## AIM OF THE EXERCISE
With all pictures excluded, restate the records that follow exactly as written.

## PROVIDED DATA
━━━━━━━━━━

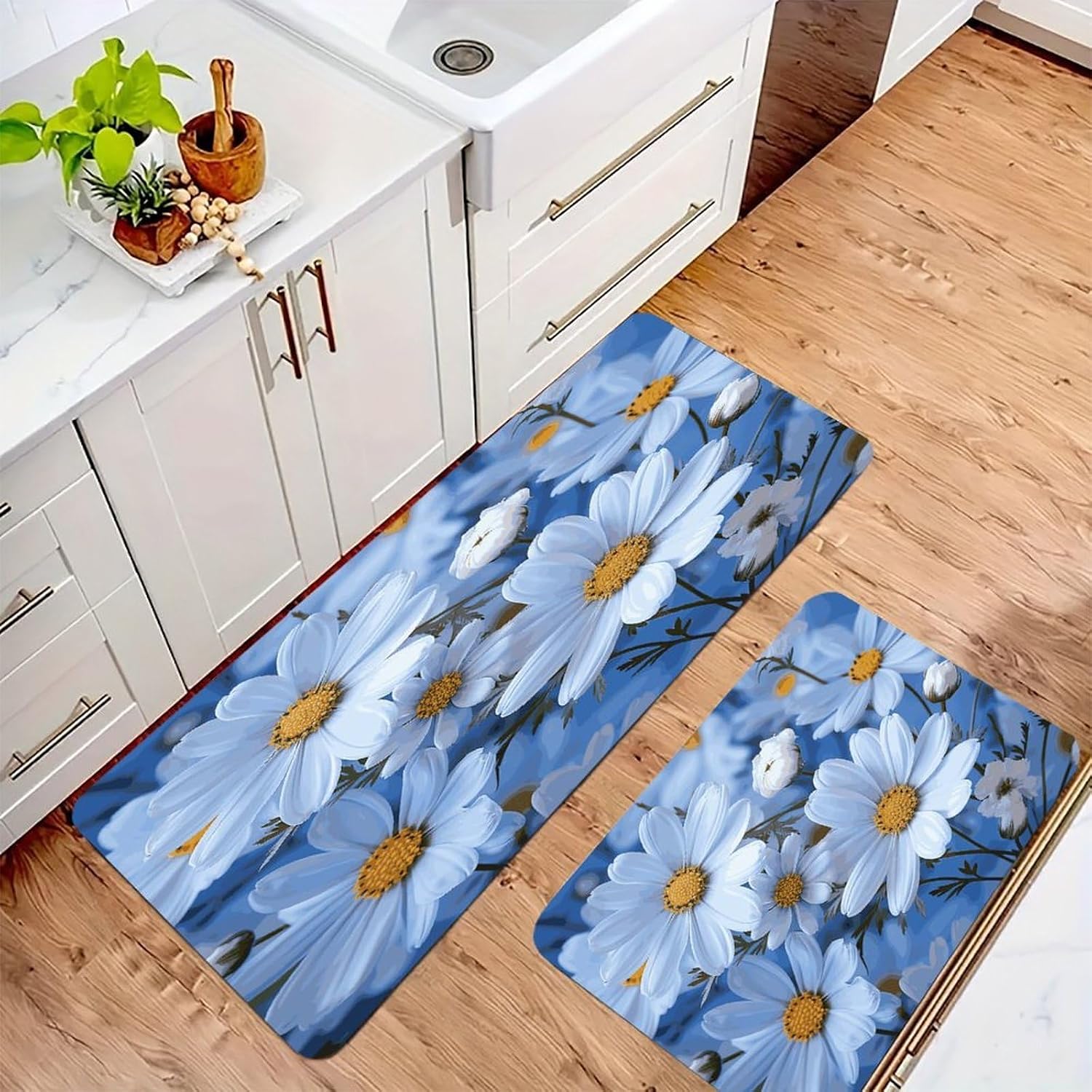 Daisy Blue Kitchen Mat Kitchen Rug Set | Kitchen Rugs Flannel Velvety Washable breathable Water Absorbent Soft ，kitchen utensils for Kitchen, Floor,Laundry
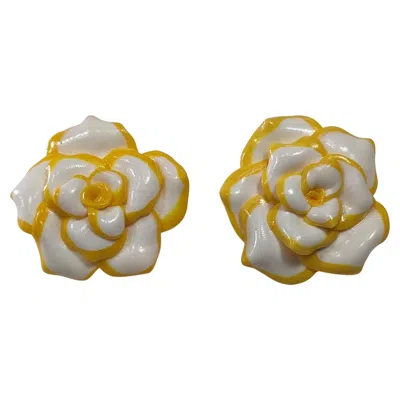 Pre-owned Pradera White And Yellow Camelia Polymer Earrings With Golplated Silver Closure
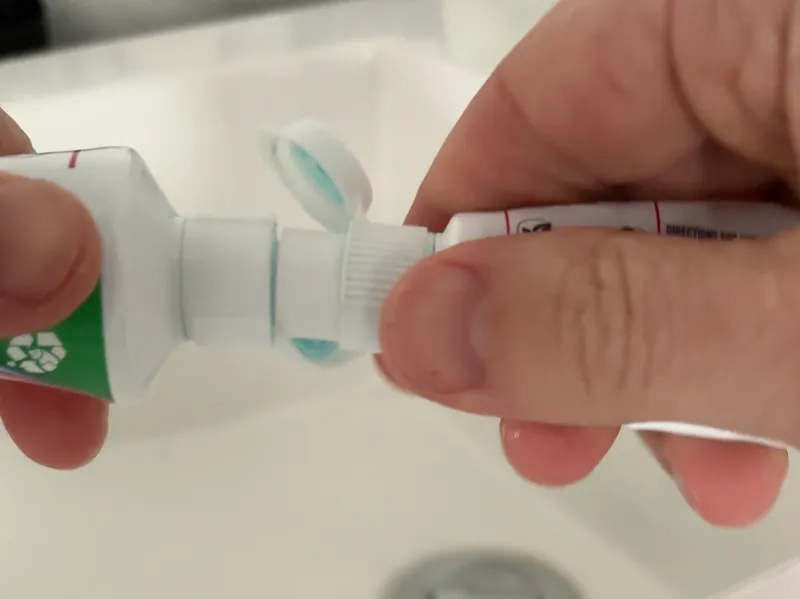 Travel toothpaste tube refill kit with cleaner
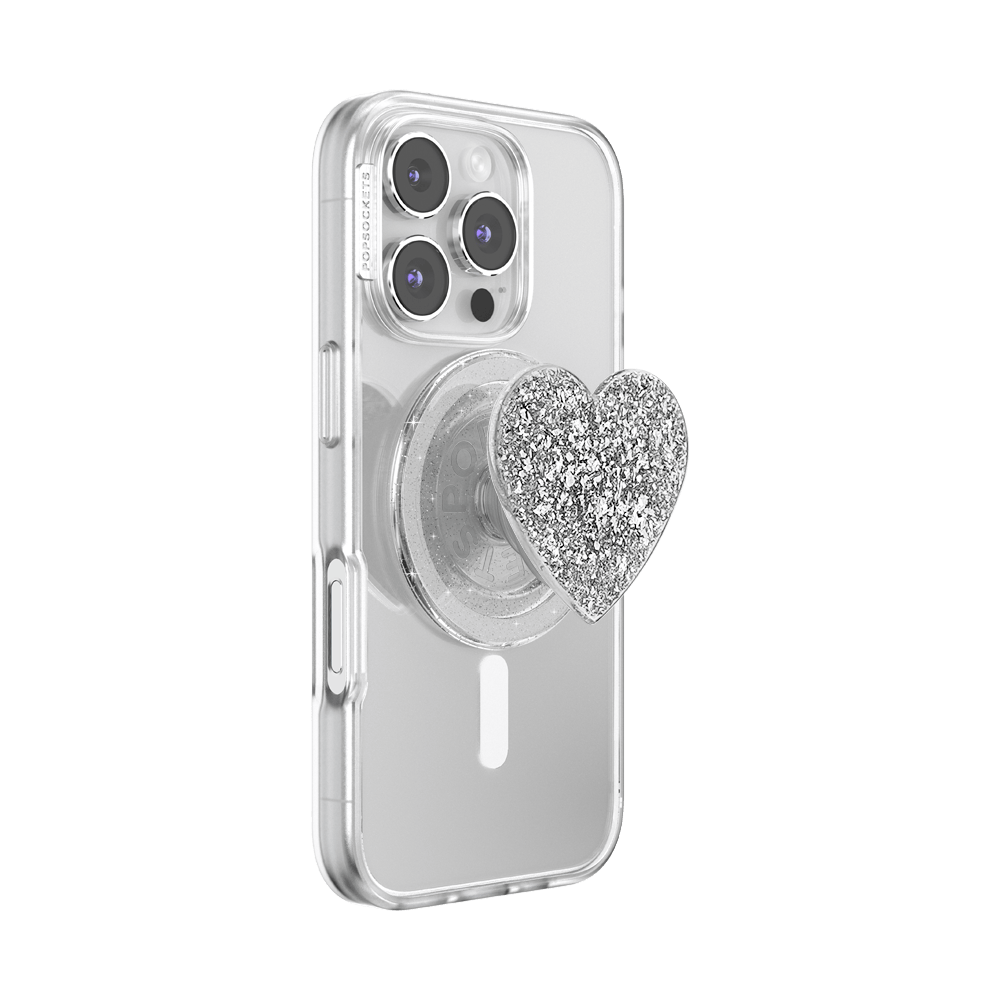 Confetti Heart Silver Sizzle — MagSafe PopGrip - US 94919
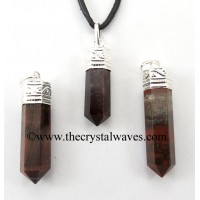 Red Tiger Eye Agate Capped Pencil Pendant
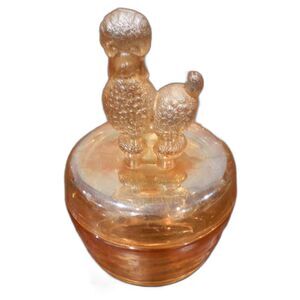 Vintage Poodle Trinket Glass Dish
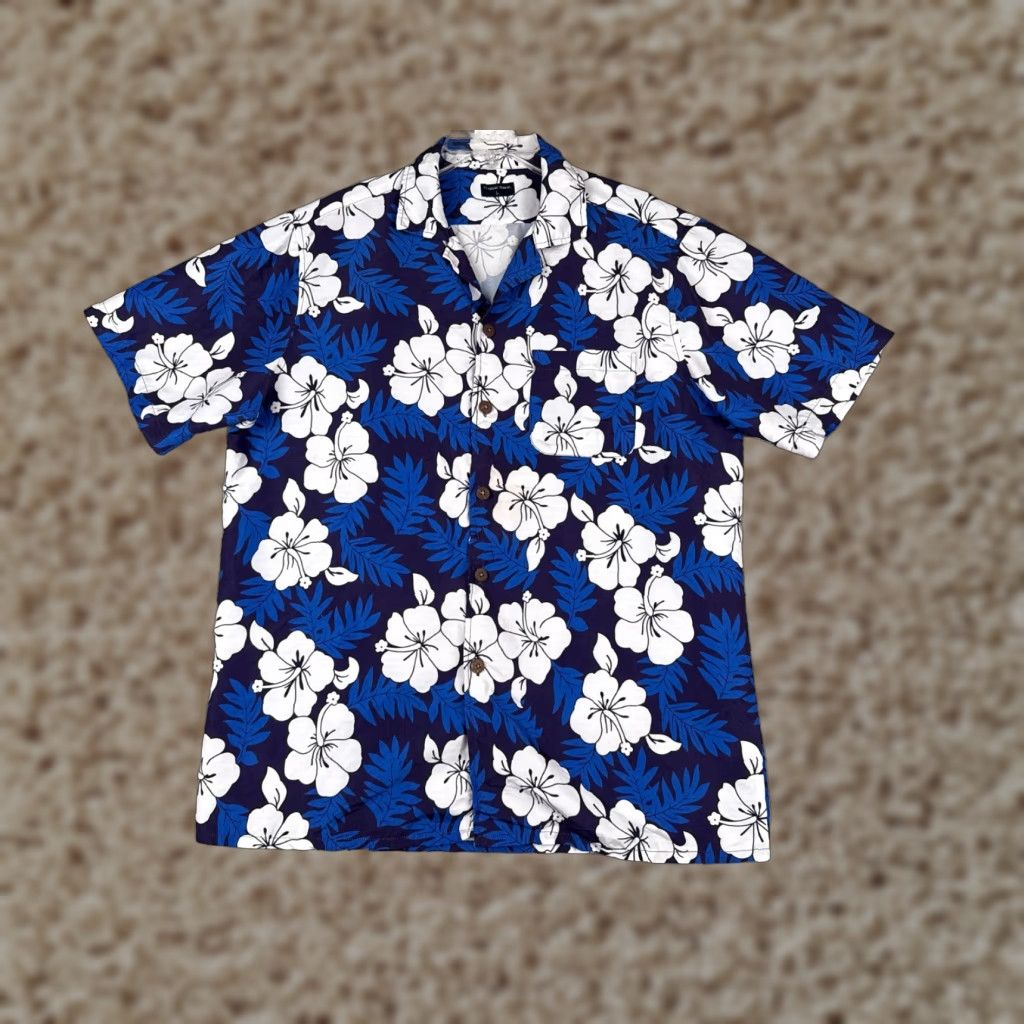 Vintage Alohawear Hawaii Shirt Adult Large Blue White Floral 100% Polyester Button Up Men's Size US L / EU 52-54 / 3 - 1 Thumbnail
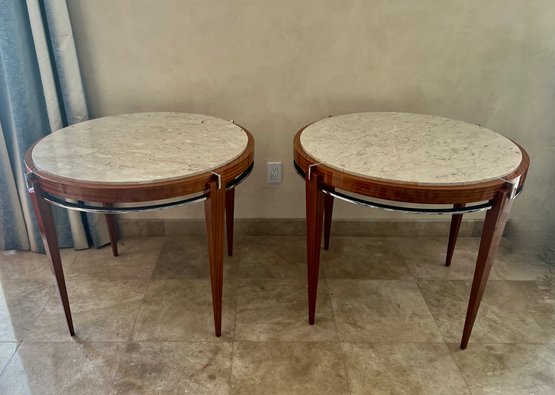 PAIR LACQUER WOOD ROUND MARBLE TOP END TABLES WITH SPIKE LEGS & CHROME DETAIL Circa 1990s - 33' WIDE BY  28' H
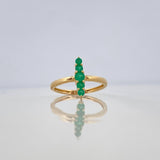 Anillo Lineal Esmeraldas 30Pts 2.2 g / T5 3/4 Oro Amarillo 18K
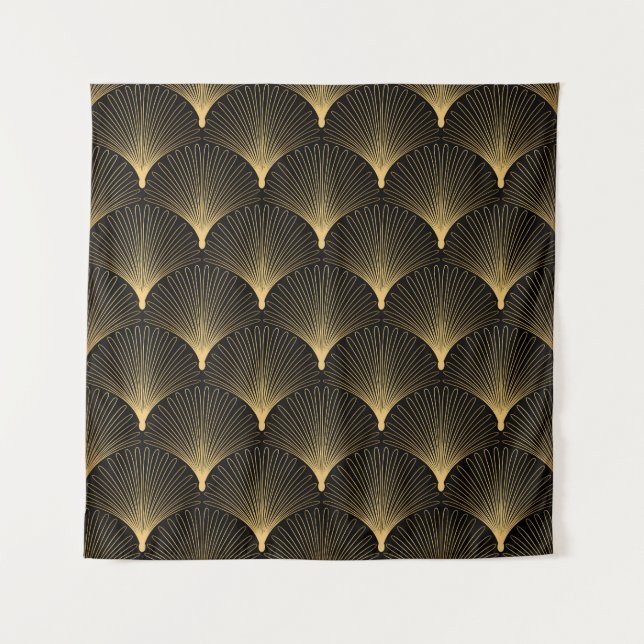 Art Deco: black gold pattern. Tapestry (Front)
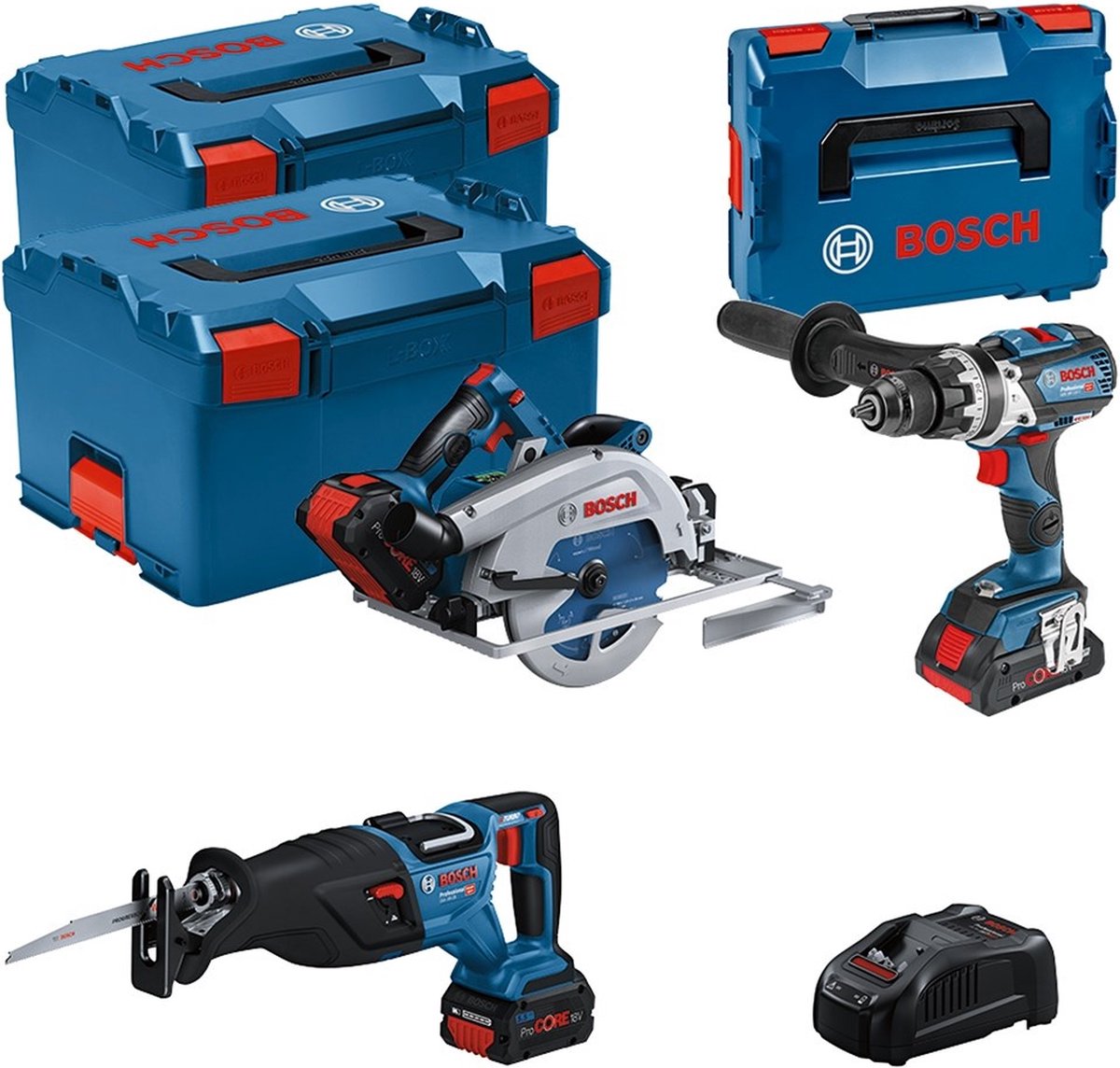 Bosch Blauw 3-delige Combopack | GSB 18V-110 C + GKS 18V-68 GC + GSA 18V-28 in L-Boxx - 0615990N38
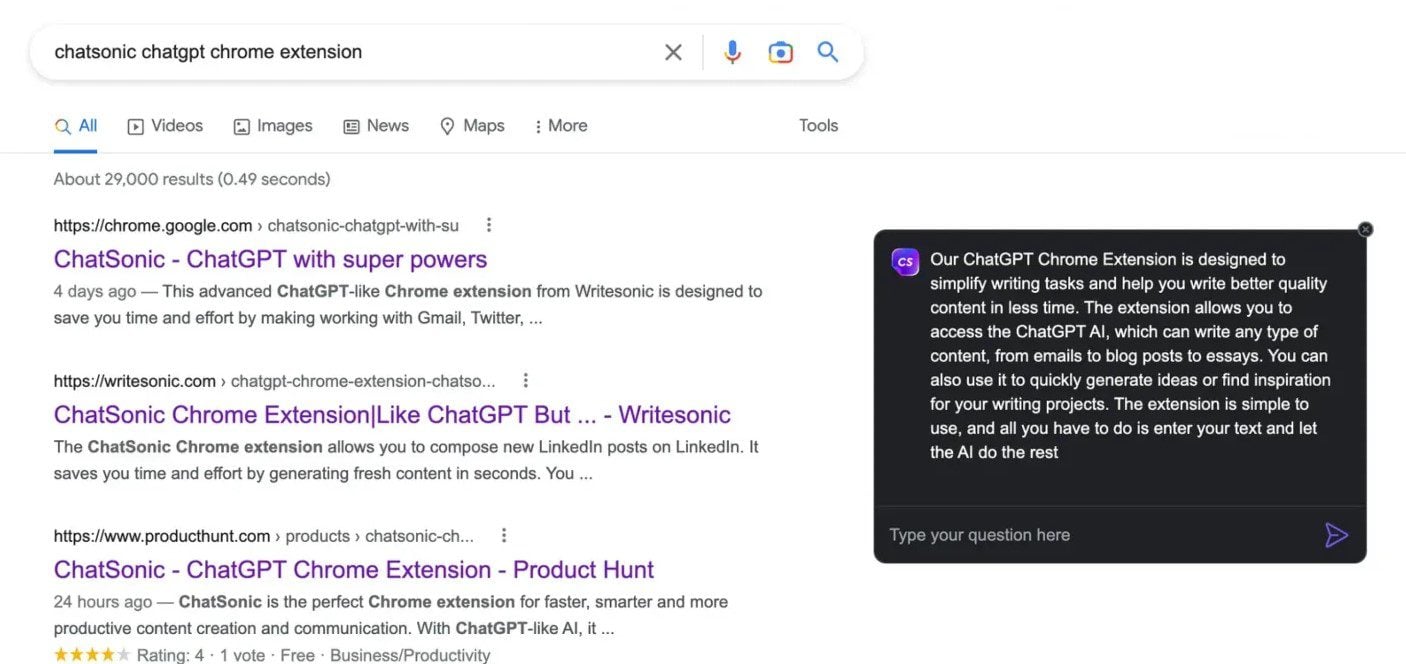 Ekstensi Chrome Chatsonic - AI Generatif dalam Penelusuran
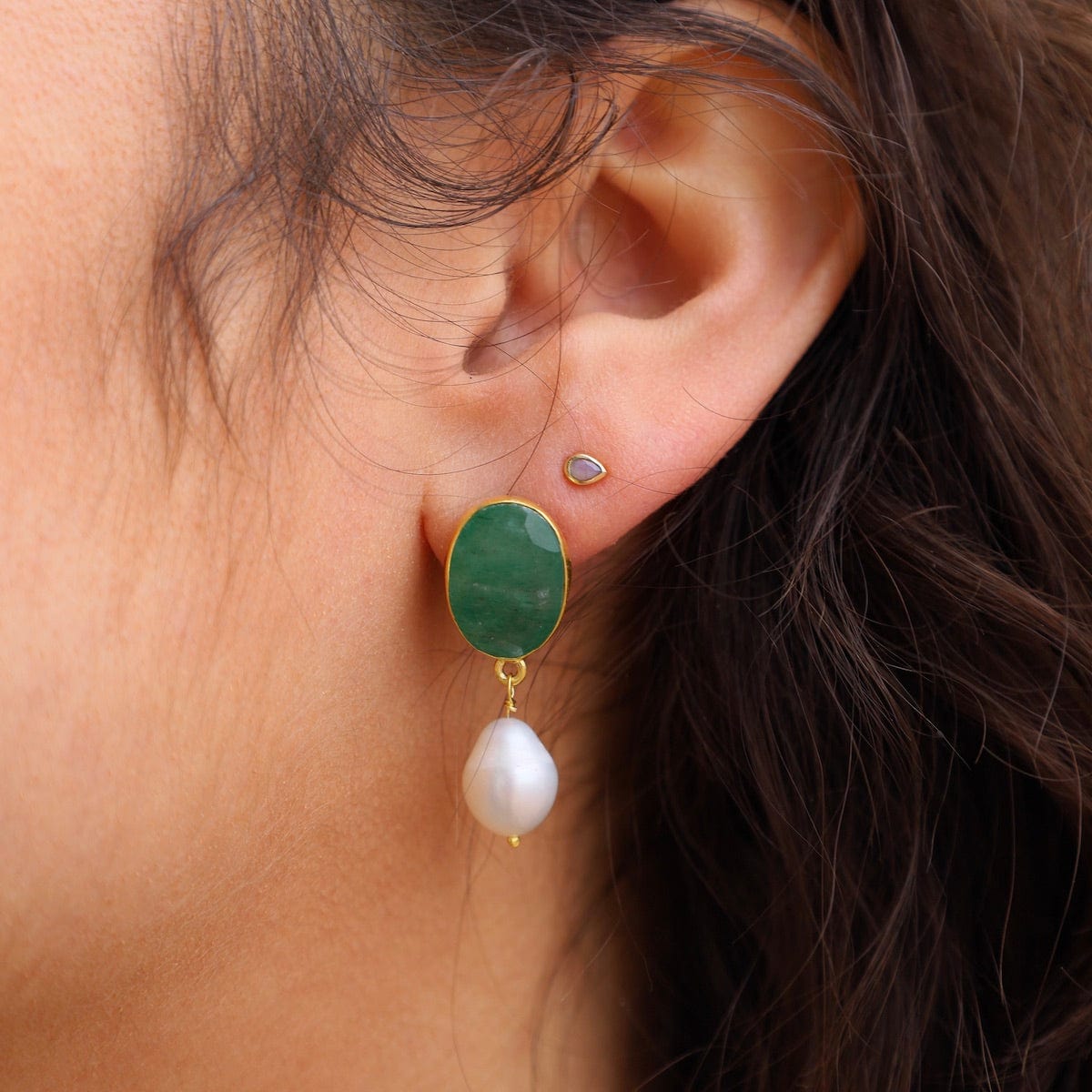 EAR-GPL Pearl and Green Aventurine Earrings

━━━━━━━━━━

## RESPONSE
 Daisy Blue Kitchen Mat Kitchen Rug Set | Kitchen Rugs Flannel Velvety Washable breathable Water Absorbent Soft ，kitchen utensils for Kitchen, Floor,Laundry
 Pre-owned Pradera White And Yellow Camelia Polymer Earrings With Golplated Silver Closure
 Travel toothpaste tube refill kit with cleaner
 Confetti Heart Silver Sizzle — MagSafe PopGrip - US 94919
 Red Tiger Eye Agate Capped Pencil Pendant
 Vintage Poodle Trinket Glass Dish
 Vintage Alohawear Hawaii Shirt Adult Large Blue White Floral 100% Polyester Button Up Men's Size US L / EU 52-54 / 3 - 1 Thumbnail
 PAIR LACQUER WOOD ROUND MARBLE TOP END TABLES WITH SPIKE LEGS & CHROME DETAIL Circa 1990s - 33' WIDE BY  28' H
 Anillo Lineal Esmeraldas 30Pts 2.2 g / T5 3/4 Oro Amarillo 18K
 Art Deco: black gold pattern. Tapestry (Front)
 Bosch Blauw 3-delige Combopack | GSB 18V-110 C + GKS 18V-68 GC + GSA 18V-28 in L-Boxx - 0615990N38
 Ekstensi Chrome Chatsonic - AI Generatif dalam Penelusuran
 EAR-GPL Pearl and Green Aventurine Earrings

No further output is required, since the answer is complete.